In the 1970s, Willis was one of the young labor economists who ushered in the modern era of the field with work that combined rigorous modeling and econometric sophistication and that emphasized the tight links between theory and empirical analysis that characterize labor economics.  Following his path-breaking work on the economic modelling of fertility, Willis published a number of innovative papers, including collaborations with Jim Heckman, Lee Lillard, and Sherwin Rosen, on the econometrics of longitudinal labor supply models and the treatment of self-selection in estimating the returns to education.  His many contributions to family economics, several coauthored with Yoram Weiss, include work on surprises as determinants of divorce, the inefficiency of child support payments, and an economic model of non-marital childbearing.  Working with multidisciplinary teams of researchers, Willis has examined intergenerational ties in Asian countries, including the effect of credit constraints on child investments and exchange motives for intergenerational transfers.  His work is well-known among demographers, and in 2002 he received the prestigious Mindel C. Sheps Award for outstanding contributions to mathematical demography and demographic methodology from the Population Association of America. 

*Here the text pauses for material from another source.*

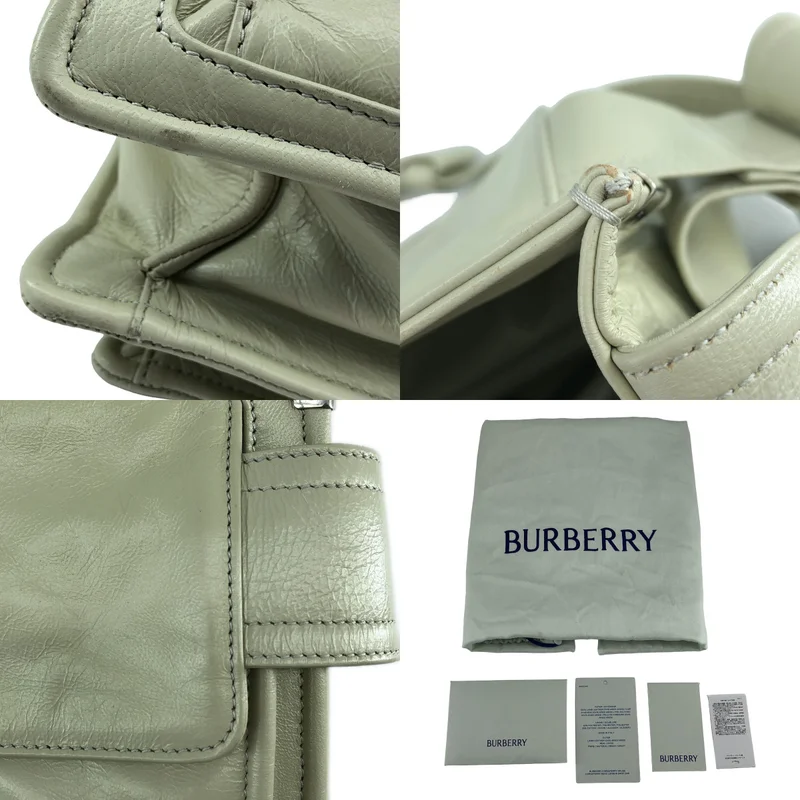 Burberry / バーバリー | 2024AW | Small Trench Tote / レザー スモール トレンチ トートバッグ |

Willis’ contributions to labor economics include his long service (1995-2007) as Director of the Health and Retirement Study (HRS), a pivotal piece of social science infrastructure that has provided data on aging Americans and their employment, assets, health and family ties for three decades.  Under his leadership, the HRS has introduced many new survey instruments, including measures of cognitive functioning and dementia.  His latest work studies the extent of cognitive declines with aging and their implications for issues such as retirement planning, earnings, and the caregiving needs of the elderly.  This research continues the commitment to innovation, rigorous measurement, and conceptual clarity that characterizes Robert Willis’ long career in labor economics.